26 Nisan 2019 Cuma

ÖLÜLER DİYARI



Yazar Adı: Jean Christophe Grange
Basım Yılı: 2018
Yayınevi: Doğan Kitap
Sayfa Sayısı:462

   Jean Chiristophe Grange, 1961 Paris doğumlu, Fransız polisiye-gerilim yazarıdır. Serbest gazeteci olarak haber ajansları ve gazetelerde çalışmıştır. Yazdığı romanların çoğunu okudum. Romanlarında bilgiye dayalı pek çok öge bulunmaktadır. Hem bu kadar bilgiye sahip olması hem de müthiş hayal gücü ile olayları birbirine bağlaması karşısında zekasına hayran olduğum, polisiye- gerilimi mükemmel yazan bir romancı olması beni çok etkilemiştir. Araştırmacı ruhu, akla gelmeyecek işkenceler, silahlar, araba markaları romanlarının parmak izidir. Sıkıcılıktan uzak detaylar ve gözlemciliğiyle tamamlar kitaplarını. Tek solukta bitirebileceğiniz bir kitaptır. Kitaplarındaki bölüm geçişlerini harika ayarladığı için okumayı bırakmanız mümkün değildir. Ayrıntılar, kurgu ve anlatım olarak hızlı akan, derin ve şaşırtıcı sonlar, gizem seviyorsanız mutlaka okuyun.

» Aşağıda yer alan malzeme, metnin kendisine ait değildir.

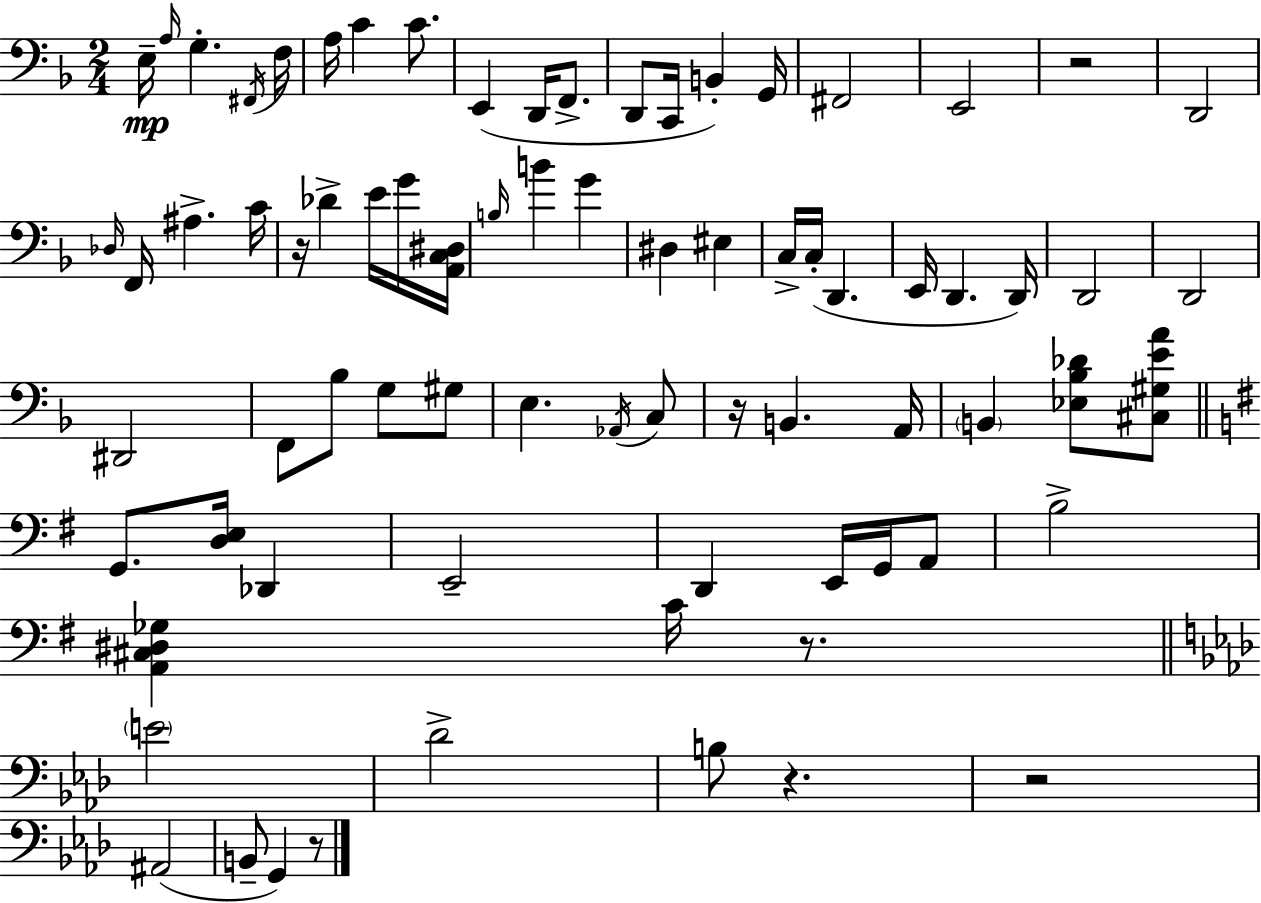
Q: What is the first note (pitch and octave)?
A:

   Cinayet Büro Amiri Corso ve ekibi, striptizci kızların cinayetlerini araştırma görevini üstlenirler. Katil, striptiz kulübünde çalışanları hedef almış ve alışılmadık yöntemler kullanarak kurbanlarını canice öldürmüştür. Corso’nun araştırmaları bir sonuç verir ve karşısına eski mahkum ve yeni ressam Soboeski’yi çıkarır. Soboeski’nin sözde resimleri ressam Goya’nın tarzını çağrıştırır. Corso’nun Soboeski ile düellosu oradan başlar.
   Kitap 3 bölümden oluşuyor. İlk bölümde cinayetler ayrıntılı bir şekilde anlatılır. 2. Bölümde kötülükle ve Goya ile tanışırız. 3. Bölümde ise, ters köşe yaşadığımız bölümdür. Grange romanı hazzını yaşattığı esas bölümdür. Ölüm ve kanın bir sonu gelir.
Alıntılar:
“Ahlaksız davranışlara kendini dizginleyen, içe dönük kişilerde rastlanır. Kötülüğü oluşturan ahlaksızlıktan çok ahlaktır.” s.17
“Her sigara da, hayatından birkaç saniyeyi yakıyormuş hissine kapılıyor tuhaf bir şekilde bundan az da olsa keyif alıyordu.” s.122
“Bir kadın yaşlanabilir. Ama duyguları saflığını korur.”s. 203
“Corso, nihilist bir düşünceyle işini yapmıştı.: Suçluları yakalıyor, azami kanıtı yargıca teslim ediyordu. Ama sonra… Suçlunun iyi bir avukatı tutacak parası olmasına ya da olmamasına göre yargı kararı bütünüyle değişiyordu. Adaletin bir adamın becerisine, birinin kızgınlığına ya da sadece o gün havanın yağmurlu olmasına bağlı oluşunu kabullenemiyordu.”
   Kitabı okuyunca:
Francisko Goya ve resimlerinden haberim oldu,
Kaiken kitabında anlattığı Japon kültürüne bu kitabında da yer vermiş. Şibaki tekniği ve Butoh dansları.
BDSM kültürüne de bolca yer vermiş. Daha önce “Grinin Elli Tonu” kitabında daha yüzeysel okumuştum fakat bu kitapta işin felsefesiyle birlikte anlatılmış. (BDSM: rızaya bağlı esaret ve disiplin temelinde, itaat hakimiyeti, sadizm ve mazoşizmi kapsar. Sadece seksle ilgili değildir. Tam aksine bir kişilik ve yaşam formudur.)
 Sona yaklaşmadan önce katilin kim olduğu anlaşılmasına rağmen amacını en son öğreniyorsunuz.
  Grange’nin kitaplarının özeti ve yorumunda çok zorlanırım hep. Yazarın nasıl bu kadar iyi yazdığını, kafasında oluşturduğu kurgunun bu kadar mükemmel olmasına ve keskin zekasına hep hayran oldum. Mükemmel bir Grange kitabıdır. Polisiye- gerilim sevenlere efsane bir kitaptır. Tavsiye ederim.